Task statement:
Print every line below. Match each one exactly.

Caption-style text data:

== Segment start ==

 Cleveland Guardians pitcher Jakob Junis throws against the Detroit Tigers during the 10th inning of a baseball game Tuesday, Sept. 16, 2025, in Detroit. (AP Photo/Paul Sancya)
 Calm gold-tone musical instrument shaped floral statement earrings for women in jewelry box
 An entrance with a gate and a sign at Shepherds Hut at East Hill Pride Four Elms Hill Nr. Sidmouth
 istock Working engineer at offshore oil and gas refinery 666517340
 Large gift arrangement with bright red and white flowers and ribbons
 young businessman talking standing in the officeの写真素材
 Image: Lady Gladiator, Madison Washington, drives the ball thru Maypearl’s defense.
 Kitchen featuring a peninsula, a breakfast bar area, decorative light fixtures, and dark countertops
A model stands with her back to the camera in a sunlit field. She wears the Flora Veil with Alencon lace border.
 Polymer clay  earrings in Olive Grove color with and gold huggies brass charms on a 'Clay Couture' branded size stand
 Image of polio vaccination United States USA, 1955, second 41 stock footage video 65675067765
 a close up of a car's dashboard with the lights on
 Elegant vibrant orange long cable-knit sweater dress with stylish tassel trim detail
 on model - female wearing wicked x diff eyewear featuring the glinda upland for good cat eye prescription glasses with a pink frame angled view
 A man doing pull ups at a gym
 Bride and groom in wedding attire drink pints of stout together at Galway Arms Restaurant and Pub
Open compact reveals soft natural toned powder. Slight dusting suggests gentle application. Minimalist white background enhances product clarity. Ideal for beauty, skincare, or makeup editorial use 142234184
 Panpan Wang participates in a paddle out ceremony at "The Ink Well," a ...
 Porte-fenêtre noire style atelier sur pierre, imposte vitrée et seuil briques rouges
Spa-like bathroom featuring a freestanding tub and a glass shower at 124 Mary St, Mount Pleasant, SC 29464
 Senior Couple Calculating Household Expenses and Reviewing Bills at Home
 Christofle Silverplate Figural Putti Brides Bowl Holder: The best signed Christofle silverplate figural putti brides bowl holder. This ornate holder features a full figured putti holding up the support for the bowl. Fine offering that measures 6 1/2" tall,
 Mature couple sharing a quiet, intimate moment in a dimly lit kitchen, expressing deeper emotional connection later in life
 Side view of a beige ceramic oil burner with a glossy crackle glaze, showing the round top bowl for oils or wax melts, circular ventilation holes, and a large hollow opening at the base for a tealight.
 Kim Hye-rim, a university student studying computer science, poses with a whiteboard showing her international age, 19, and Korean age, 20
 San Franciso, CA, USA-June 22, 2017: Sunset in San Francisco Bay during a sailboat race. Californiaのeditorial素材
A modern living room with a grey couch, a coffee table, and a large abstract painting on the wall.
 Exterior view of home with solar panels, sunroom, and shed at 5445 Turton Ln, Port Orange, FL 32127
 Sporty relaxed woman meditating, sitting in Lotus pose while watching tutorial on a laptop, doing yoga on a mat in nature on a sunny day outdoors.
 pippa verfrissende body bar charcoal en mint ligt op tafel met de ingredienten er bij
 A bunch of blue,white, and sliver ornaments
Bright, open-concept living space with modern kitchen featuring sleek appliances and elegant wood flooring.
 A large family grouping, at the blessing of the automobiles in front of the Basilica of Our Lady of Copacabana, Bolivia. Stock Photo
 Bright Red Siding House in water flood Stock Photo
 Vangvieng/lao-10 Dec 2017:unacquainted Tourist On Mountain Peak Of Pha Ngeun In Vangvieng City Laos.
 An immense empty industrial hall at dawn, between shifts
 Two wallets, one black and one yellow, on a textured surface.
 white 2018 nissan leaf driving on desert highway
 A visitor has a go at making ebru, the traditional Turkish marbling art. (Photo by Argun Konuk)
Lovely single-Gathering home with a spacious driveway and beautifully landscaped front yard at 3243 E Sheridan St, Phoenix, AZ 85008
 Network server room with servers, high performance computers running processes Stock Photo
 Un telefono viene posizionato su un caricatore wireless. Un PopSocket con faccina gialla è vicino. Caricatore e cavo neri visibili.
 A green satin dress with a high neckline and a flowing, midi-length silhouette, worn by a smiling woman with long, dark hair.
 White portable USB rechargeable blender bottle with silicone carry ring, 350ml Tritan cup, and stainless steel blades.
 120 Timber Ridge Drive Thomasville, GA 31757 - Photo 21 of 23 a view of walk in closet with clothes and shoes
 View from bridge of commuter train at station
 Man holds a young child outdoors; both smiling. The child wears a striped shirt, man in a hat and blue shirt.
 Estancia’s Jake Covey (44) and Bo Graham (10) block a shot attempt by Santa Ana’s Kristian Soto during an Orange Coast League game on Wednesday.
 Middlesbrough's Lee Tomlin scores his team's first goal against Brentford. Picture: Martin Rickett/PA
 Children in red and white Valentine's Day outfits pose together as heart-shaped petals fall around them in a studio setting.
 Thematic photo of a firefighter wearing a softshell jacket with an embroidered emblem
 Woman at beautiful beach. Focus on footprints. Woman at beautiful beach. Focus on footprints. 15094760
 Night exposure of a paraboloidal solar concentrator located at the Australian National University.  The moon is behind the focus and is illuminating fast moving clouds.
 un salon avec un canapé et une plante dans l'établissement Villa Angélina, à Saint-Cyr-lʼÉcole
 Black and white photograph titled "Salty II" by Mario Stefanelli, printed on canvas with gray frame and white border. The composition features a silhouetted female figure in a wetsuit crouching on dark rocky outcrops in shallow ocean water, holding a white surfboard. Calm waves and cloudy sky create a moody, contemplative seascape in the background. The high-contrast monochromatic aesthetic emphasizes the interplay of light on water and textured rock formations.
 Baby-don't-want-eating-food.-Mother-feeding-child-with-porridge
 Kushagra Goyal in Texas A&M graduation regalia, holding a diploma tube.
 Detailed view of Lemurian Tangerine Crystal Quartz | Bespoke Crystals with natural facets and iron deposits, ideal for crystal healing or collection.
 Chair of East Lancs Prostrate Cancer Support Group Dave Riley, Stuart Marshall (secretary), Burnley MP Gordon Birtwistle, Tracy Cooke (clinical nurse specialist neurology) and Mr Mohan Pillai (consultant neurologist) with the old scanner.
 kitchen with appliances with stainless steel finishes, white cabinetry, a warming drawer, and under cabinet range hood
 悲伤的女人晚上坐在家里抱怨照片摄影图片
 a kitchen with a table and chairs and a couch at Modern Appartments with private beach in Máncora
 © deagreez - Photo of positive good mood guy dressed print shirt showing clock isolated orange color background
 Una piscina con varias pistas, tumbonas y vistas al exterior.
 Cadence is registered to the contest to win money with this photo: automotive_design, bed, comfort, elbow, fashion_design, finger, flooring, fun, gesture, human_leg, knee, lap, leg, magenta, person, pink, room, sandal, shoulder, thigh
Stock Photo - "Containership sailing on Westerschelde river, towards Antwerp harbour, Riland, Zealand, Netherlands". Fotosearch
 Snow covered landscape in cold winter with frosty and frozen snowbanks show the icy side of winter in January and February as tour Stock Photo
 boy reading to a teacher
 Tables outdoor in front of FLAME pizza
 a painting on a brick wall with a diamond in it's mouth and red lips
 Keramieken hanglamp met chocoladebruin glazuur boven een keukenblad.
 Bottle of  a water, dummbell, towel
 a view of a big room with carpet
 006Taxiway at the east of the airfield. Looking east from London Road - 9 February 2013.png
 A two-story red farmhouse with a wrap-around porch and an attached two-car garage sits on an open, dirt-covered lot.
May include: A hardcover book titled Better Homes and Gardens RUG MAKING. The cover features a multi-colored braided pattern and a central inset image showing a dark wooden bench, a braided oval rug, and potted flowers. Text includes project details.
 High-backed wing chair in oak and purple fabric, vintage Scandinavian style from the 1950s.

== Segment end ==

Result of this exercise:
 Cleveland Guardians pitcher Jakob Junis throws against the Detroit Tigers during the 10th inning of a baseball game Tuesday, Sept. 16, 2025, in Detroit. (AP Photo/Paul Sancya)
 Calm gold-tone musical instrument shaped floral statement earrings for women in jewelry box
 An entrance with a gate and a sign at Shepherds Hut at East Hill Pride Four Elms Hill Nr. Sidmouth
 istock Working engineer at offshore oil and gas refinery 666517340
 Large gift arrangement with bright red and white flowers and ribbons
 young businessman talking standing in the officeの写真素材
 Image: Lady Gladiator, Madison Washington, drives the ball thru Maypearl’s defense.
 Kitchen featuring a peninsula, a breakfast bar area, decorative light fixtures, and dark countertops
A model stands with her back to the camera in a sunlit field. She wears the Flora Veil with Alencon lace border.
 Polymer clay  earrings in Olive Grove color with and gold huggies brass charms on a 'Clay Couture' branded size stand
 Image of polio vaccination United States USA, 1955, second 41 stock footage video 65675067765
 a close up of a car's dashboard with the lights on
 Elegant vibrant orange long cable-knit sweater dress with stylish tassel trim detail
 on model - female wearing wicked x diff eyewear featuring the glinda upland for good cat eye prescription glasses with a pink frame angled view
 A man doing pull ups at a gym
 Bride and groom in wedding attire drink pints of stout together at Galway Arms Restaurant and Pub
Open compact reveals soft natural toned powder. Slight dusting suggests gentle application. Minimalist white background enhances product clarity. Ideal for beauty, skincare, or makeup editorial use 142234184
 Panpan Wang participates in a paddle out ceremony at "The Ink Well," a ...
 Porte-fenêtre noire style atelier sur pierre, imposte vitrée et seuil briques rouges
Spa-like bathroom featuring a freestanding tub and a glass shower at 124 Mary St, Mount Pleasant, SC 29464
 Senior Couple Calculating Household Expenses and Reviewing Bills at Home
 Christofle Silverplate Figural Putti Brides Bowl Holder: The best signed Christofle silverplate figural putti brides bowl holder. This ornate holder features a full figured putti holding up the support for the bowl. Fine offering that measures 6 1/2" tall,
 Mature couple sharing a quiet, intimate moment in a dimly lit kitchen, expressing deeper emotional connection later in life
 Side view of a beige ceramic oil burner with a glossy crackle glaze, showing the round top bowl for oils or wax melts, circular ventilation holes, and a large hollow opening at the base for a tealight.
 Kim Hye-rim, a university student studying computer science, poses with a whiteboard showing her international age, 19, and Korean age, 20
 San Franciso, CA, USA-June 22, 2017: Sunset in San Francisco Bay during a sailboat race. Californiaのeditorial素材
A modern living room with a grey couch, a coffee table, and a large abstract painting on the wall.
 Exterior view of home with solar panels, sunroom, and shed at 5445 Turton Ln, Port Orange, FL 32127
 Sporty relaxed woman meditating, sitting in Lotus pose while watching tutorial on a laptop, doing yoga on a mat in nature on a sunny day outdoors.
 pippa verfrissende body bar charcoal en mint ligt op tafel met de ingredienten er bij
 A bunch of blue,white, and sliver ornaments
Bright, open-concept living space with modern kitchen featuring sleek appliances and elegant wood flooring.
 A large family grouping, at the blessing of the automobiles in front of the Basilica of Our Lady of Copacabana, Bolivia. Stock Photo
 Bright Red Siding House in water flood Stock Photo
 Vangvieng/lao-10 Dec 2017:unacquainted Tourist On Mountain Peak Of Pha Ngeun In Vangvieng City Laos.
 An immense empty industrial hall at dawn, between shifts
 Two wallets, one black and one yellow, on a textured surface.
 white 2018 nissan leaf driving on desert highway
 A visitor has a go at making ebru, the traditional Turkish marbling art. (Photo by Argun Konuk)
Lovely single-Gathering home with a spacious driveway and beautifully landscaped front yard at 3243 E Sheridan St, Phoenix, AZ 85008
 Network server room with servers, high performance computers running processes Stock Photo
 Un telefono viene posizionato su un caricatore wireless. Un PopSocket con faccina gialla è vicino. Caricatore e cavo neri visibili.
 A green satin dress with a high neckline and a flowing, midi-length silhouette, worn by a smiling woman with long, dark hair.
 White portable USB rechargeable blender bottle with silicone carry ring, 350ml Tritan cup, and stainless steel blades.
 120 Timber Ridge Drive Thomasville, GA 31757 - Photo 21 of 23 a view of walk in closet with clothes and shoes
 View from bridge of commuter train at station
 Man holds a young child outdoors; both smiling. The child wears a striped shirt, man in a hat and blue shirt.
 Estancia’s Jake Covey (44) and Bo Graham (10) block a shot attempt by Santa Ana’s Kristian Soto during an Orange Coast League game on Wednesday.
 Middlesbrough's Lee Tomlin scores his team's first goal against Brentford. Picture: Martin Rickett/PA
 Children in red and white Valentine's Day outfits pose together as heart-shaped petals fall around them in a studio setting.
 Thematic photo of a firefighter wearing a softshell jacket with an embroidered emblem
 Woman at beautiful beach. Focus on footprints. Woman at beautiful beach. Focus on footprints. 15094760
 Night exposure of a paraboloidal solar concentrator located at the Australian National University.  The moon is behind the focus and is illuminating fast moving clouds.
 un salon avec un canapé et une plante dans l'établissement Villa Angélina, à Saint-Cyr-lʼÉcole
 Black and white photograph titled "Salty II" by Mario Stefanelli, printed on canvas with gray frame and white border. The composition features a silhouetted female figure in a wetsuit crouching on dark rocky outcrops in shallow ocean water, holding a white surfboard. Calm waves and cloudy sky create a moody, contemplative seascape in the background. The high-contrast monochromatic aesthetic emphasizes the interplay of light on water and textured rock formations.
 Baby-don't-want-eating-food.-Mother-feeding-child-with-porridge
 Kushagra Goyal in Texas A&M graduation regalia, holding a diploma tube.
 Detailed view of Lemurian Tangerine Crystal Quartz | Bespoke Crystals with natural facets and iron deposits, ideal for crystal healing or collection.
 Chair of East Lancs Prostrate Cancer Support Group Dave Riley, Stuart Marshall (secretary), Burnley MP Gordon Birtwistle, Tracy Cooke (clinical nurse specialist neurology) and Mr Mohan Pillai (consultant neurologist) with the old scanner.
 kitchen with appliances with stainless steel finishes, white cabinetry, a warming drawer, and under cabinet range hood
 悲伤的女人晚上坐在家里抱怨照片摄影图片
 a kitchen with a table and chairs and a couch at Modern Appartments with private beach in Máncora
 © deagreez - Photo of positive good mood guy dressed print shirt showing clock isolated orange color background
 Una piscina con varias pistas, tumbonas y vistas al exterior.
 Cadence is registered to the contest to win money with this photo: automotive_design, bed, comfort, elbow, fashion_design, finger, flooring, fun, gesture, human_leg, knee, lap, leg, magenta, person, pink, room, sandal, shoulder, thigh
Stock Photo - "Containership sailing on Westerschelde river, towards Antwerp harbour, Riland, Zealand, Netherlands". Fotosearch
 Snow covered landscape in cold winter with frosty and frozen snowbanks show the icy side of winter in January and February as tour Stock Photo
 boy reading to a teacher
 Tables outdoor in front of FLAME pizza
 a painting on a brick wall with a diamond in it's mouth and red lips
 Keramieken hanglamp met chocoladebruin glazuur boven een keukenblad.
 Bottle of  a water, dummbell, towel
 a view of a big room with carpet
 006Taxiway at the east of the airfield. Looking east from London Road - 9 February 2013.png
 A two-story red farmhouse with a wrap-around porch and an attached two-car garage sits on an open, dirt-covered lot.
May include: A hardcover book titled Better Homes and Gardens RUG MAKING. The cover features a multi-colored braided pattern and a central inset image showing a dark wooden bench, a braided oval rug, and potted flowers. Text includes project details.
 High-backed wing chair in oak and purple fabric, vintage Scandinavian style from the 1950s.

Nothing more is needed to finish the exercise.